Starting at the line that contains "In my mind, super", return every line through the end of the data exactly, without pictures.

········

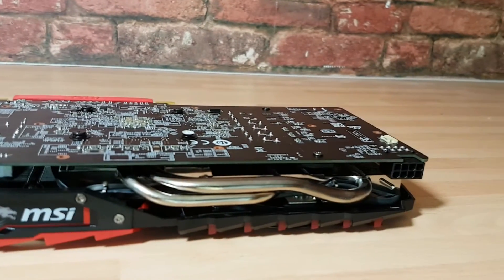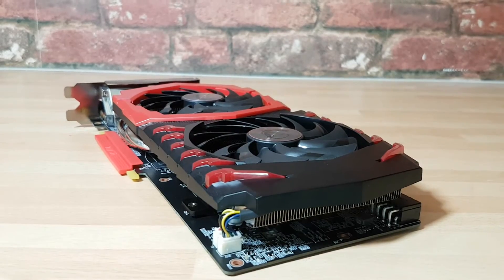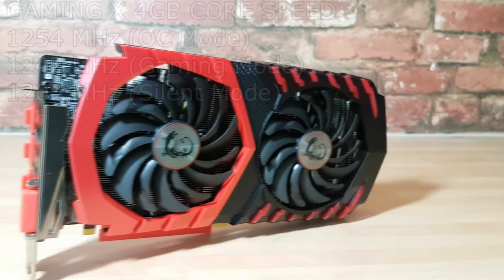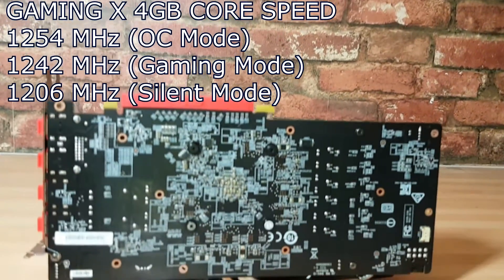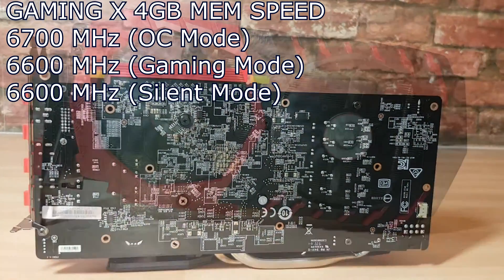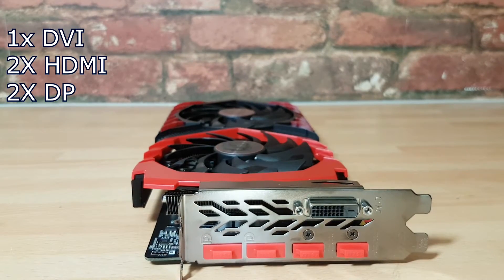This is the MSI RX 470 Gaming X edition. It's got the standard MSI Twin Frozr for quiet operation — visually a beautiful card to look at. Unfortunately, because it's lower down the tier, it does not feature a backplate, which I'm not very happy about for the price point. Let's go ahead and jump in and look at those benchmarks and wrap it up with a conclusion.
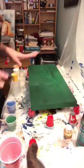Hey, this is Sherry. I'm getting ready to do a pour and I thought I'd just take pictures of it this time. See what happens — you never know what you're going to get.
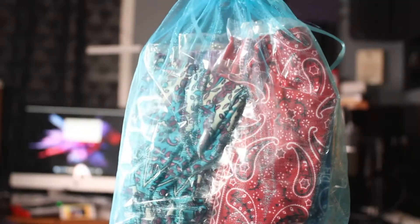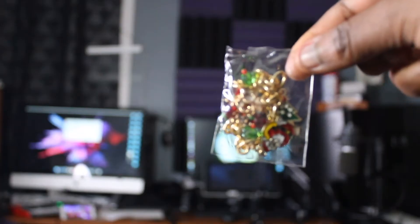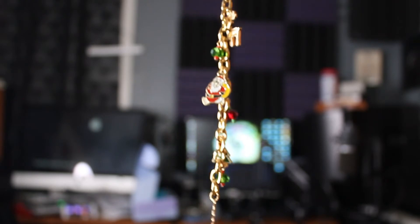This black one that I'm wearing right here I got from Amazon, so they did not send this one along. But the ones that they sent are in the same style as far as them being wide, so I did like that a lot. I like the fact that they sent them in different colors and in different styles. They also sent two wig caps as well as a cute little Christmas bracelet, which was really nice.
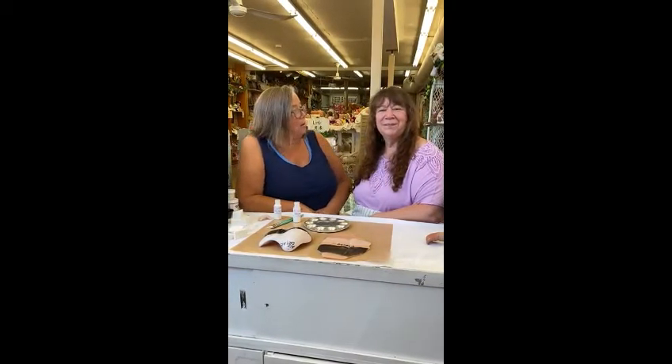Hi guys, Shelley and I are here just with a quick little video, a prelude to her demonstrating a brand new product that we've frantically tried to put together.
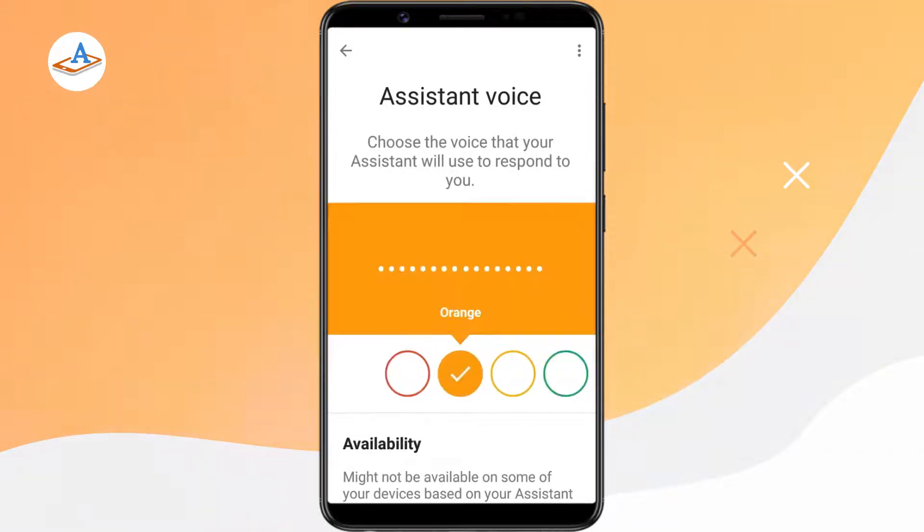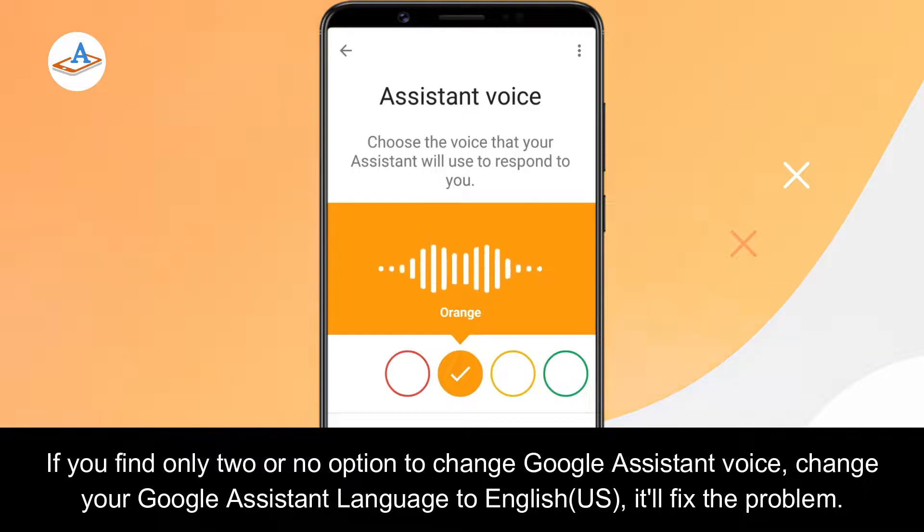Tap on any of the colored circles to preview an assistant voice. Here are the voices you can pick for your Google Assistant. If you like this voice and want to keep using it, just stop here.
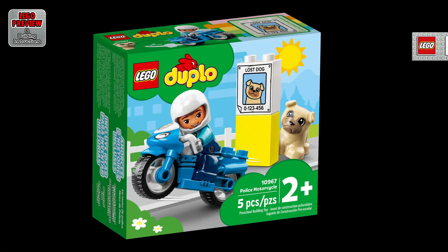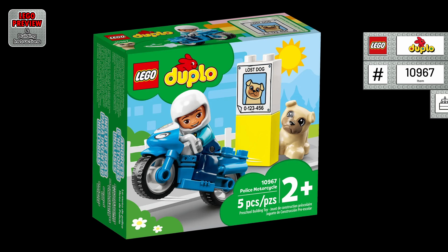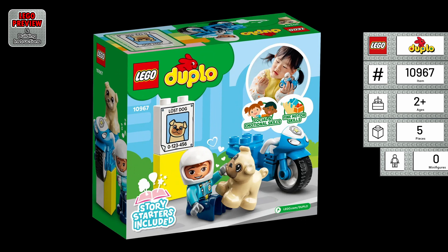Welcome to LEGO Preview and Building Instructions. Today we bring you a preview of LEGO Police Motorcycle. It's the LEGO Duplo 10967 from 2022.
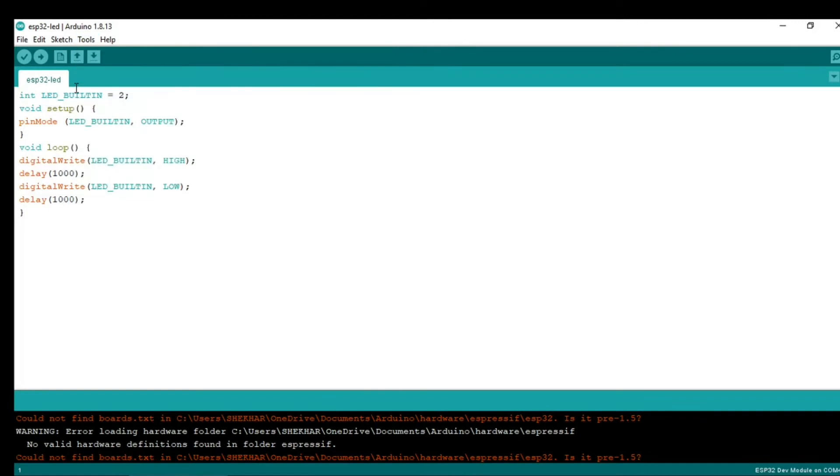Let's understand the code. We will blink the onboard LED, which is connected to pin 2 of the microcontroller. We declared and initialized LED to pin 2, then set the pin as an output. In the loop, we make the LED high for one second and then low for one second. Now we'll click the upload button.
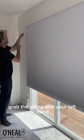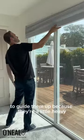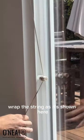To pull the blinds up, grab the string with your left hand and the blinds with your right hand to guide them up because they're a little heavy. To ensure the blinds stay up, wrap the string as it's shown here.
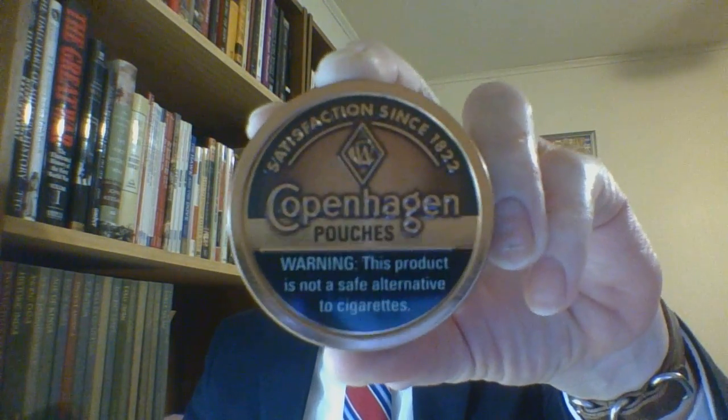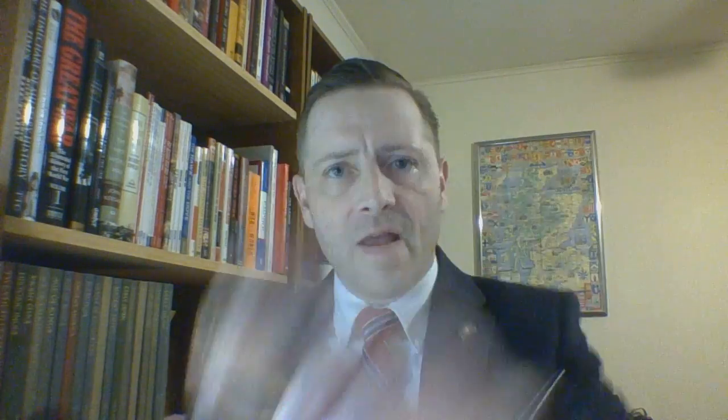So this has been the review of Copenhagen pouches. I am the Suit and Tie Dip and Chew Guy. I'd like to say hello and thank you to LongArc48 — thanks man. I hope everyone is well. Do take care of yourselves and as always, God bless.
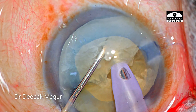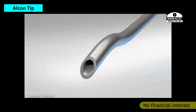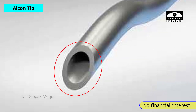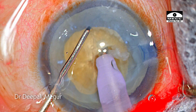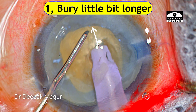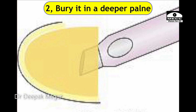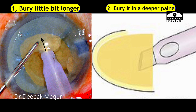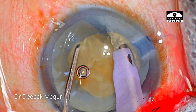Whatever tip you're using, ensure that the grip is firm. The Alcon tips are extremely thin and the surface area is very small, unlike the bulbous and flared tips of some other companies. There are two important things: we need to bury a little bit longer especially in a denser nucleus, and we need to bury it in a deeper plane. These two points ensure a very firm grip and consequently the chopping becomes quite easy.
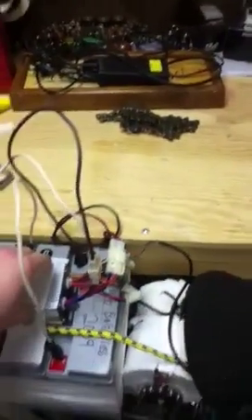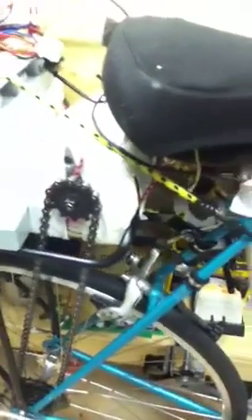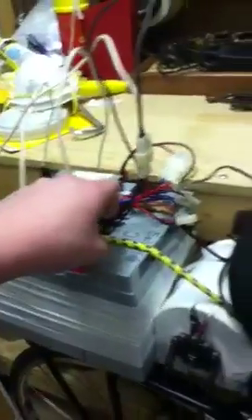We've got the batteries back here, which are connected to the control box right here, and we wire the batteries in series. Here's the motor — it's a 36-volt motor, and it's connected to a bicycle chain, which goes all the way down to the gears of the bicycle. That is also connected to the control box right here.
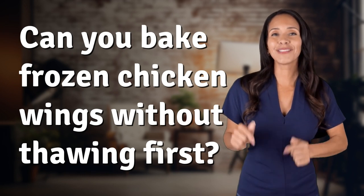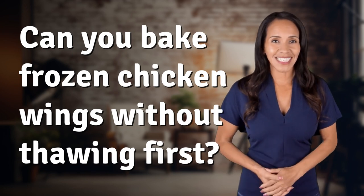Bringing you info at the speed of now, what's today's instant insight?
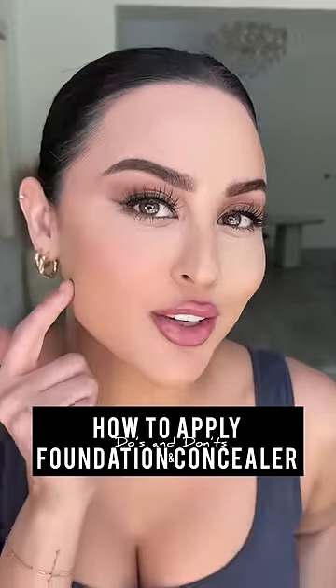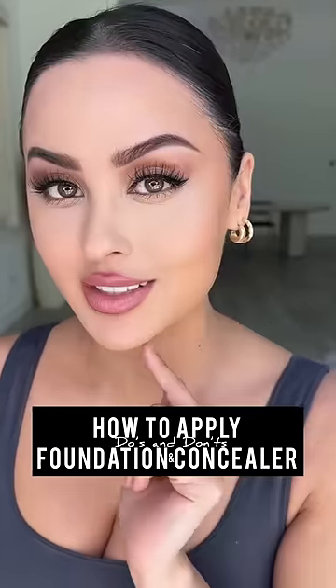Foundation and concealer can make you look cakey and crusty or smooth and flawless. Let me show you the do's and don'ts. Going straight in with foundation on dry, unprepped skin — no matter how much you try to blend it in, it's always going to fall into the dry spots, the creases, and the fine lines. Also, blending your foundation up to your under eyes: absolutely not.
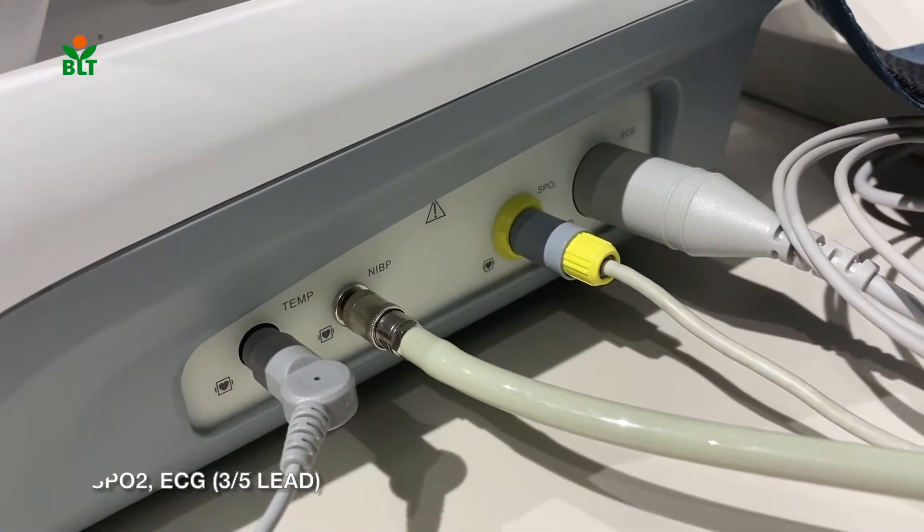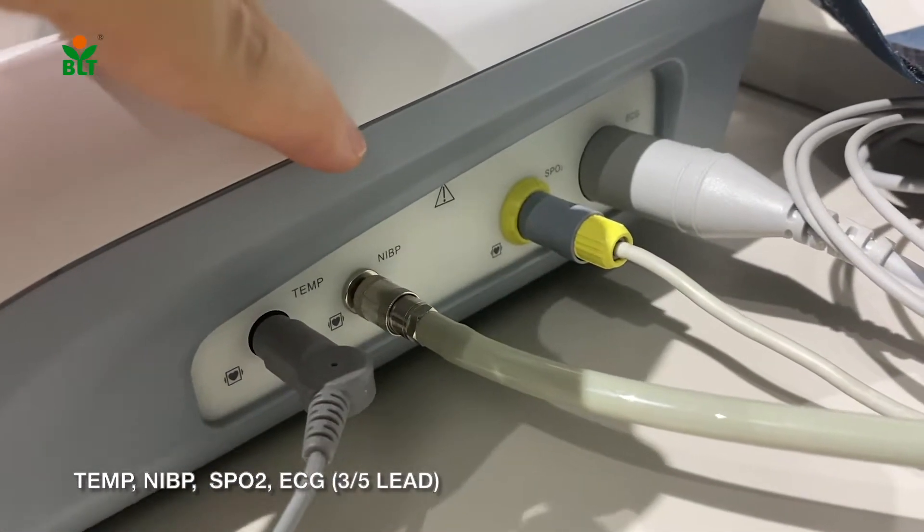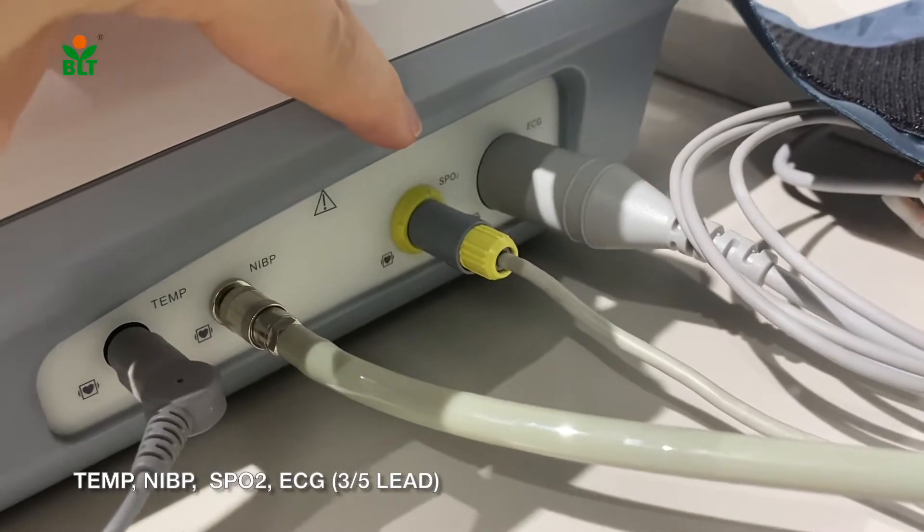On the right side of the machine we have the temperature connector, NIBP connector, SPO2 connector, and ECG connector.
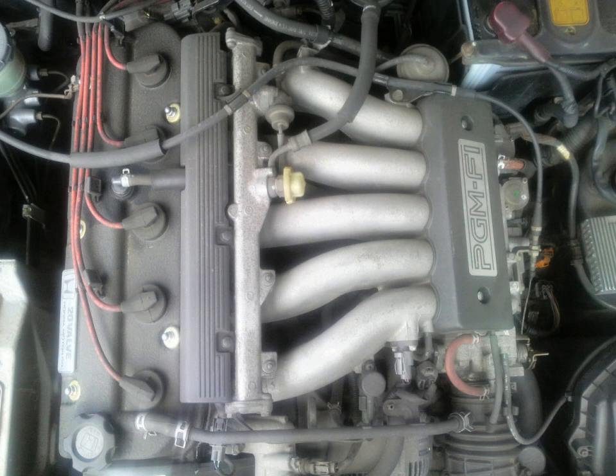Redline: 6,800 rpm. Fuel cutoff: 7,100 rpm. Found in the 1992–1994 JDM Inspire and Vigor 25 CC2; 1993–1997 Ascot and Rafaga 2.5s CE5; and 1995–1997 JDM Inspire and Saber 25 UA2.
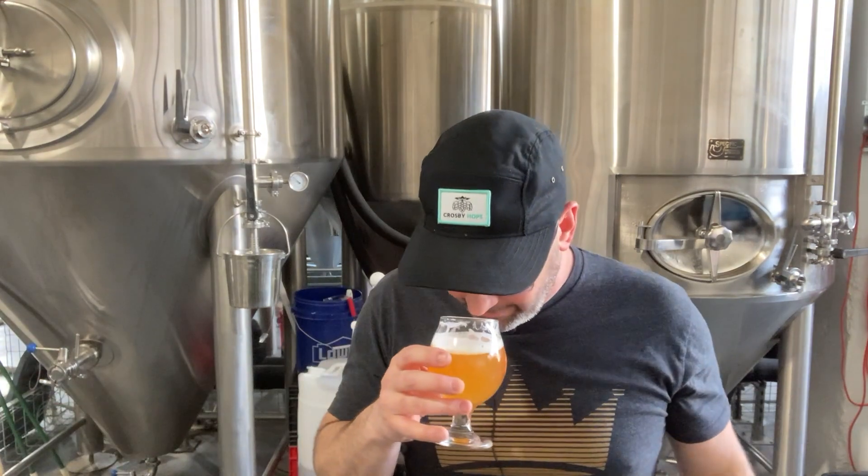In my mind, super drinkable, just enough bitterness to be balanced, but really pushing all of that dense tropical, tangerine type notes. I'm really pleased with it right now.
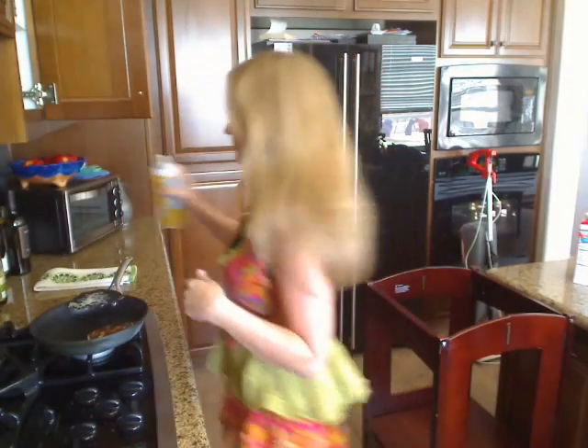I'll see you guys soon. Thanks. Bye. And thanks to the guys at Organic Batter Blaster — this stuff is great. I actually like it. Bye.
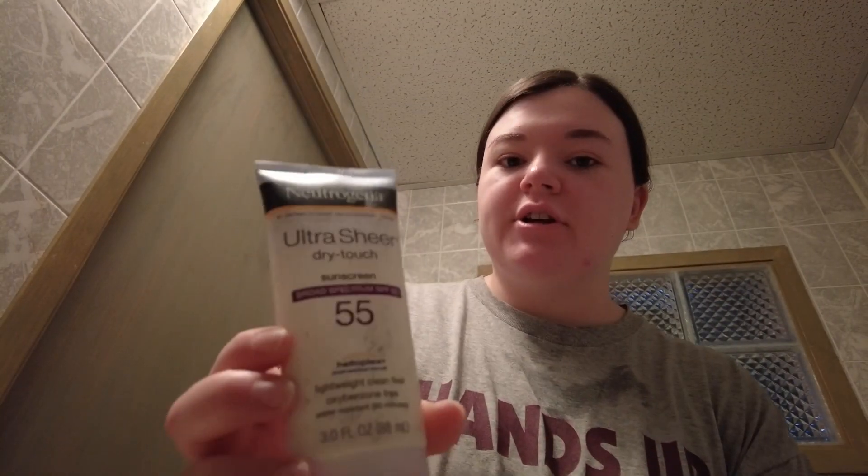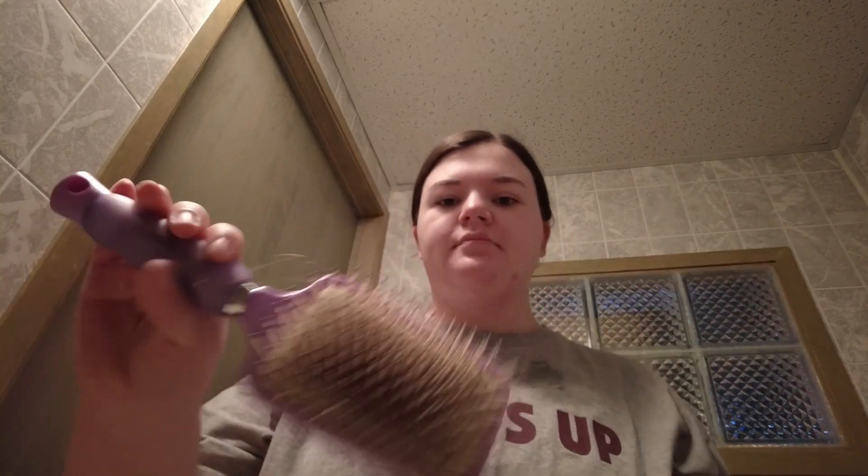My next step is sunscreen — this is Neutrogena Ultra Sheer SPF 55. I wear SPF on a daily basis because it's good for your skin and I get sunburned really easily. I have noticed this one leaves a little bit of a white cast depending on how much you use, so next time I might get the invisible formula instead.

········

[RESPONSE TO THE TASK]:
In my mind, super drinkable, just enough bitterness to be balanced, but really pushing all of that dense tropical, tangerine type notes. I'm really pleased with it right now.
I'll see you guys soon. Thanks. Bye. And thanks to the guys at Organic Batter Blaster — this stuff is great. I actually like it. Bye.
My next step is sunscreen — this is Neutrogena Ultra Sheer SPF 55. I wear SPF on a daily basis because it's good for your skin and I get sunburned really easily. I have noticed this one leaves a little bit of a white cast depending on how much you use, so next time I might get the invisible formula instead.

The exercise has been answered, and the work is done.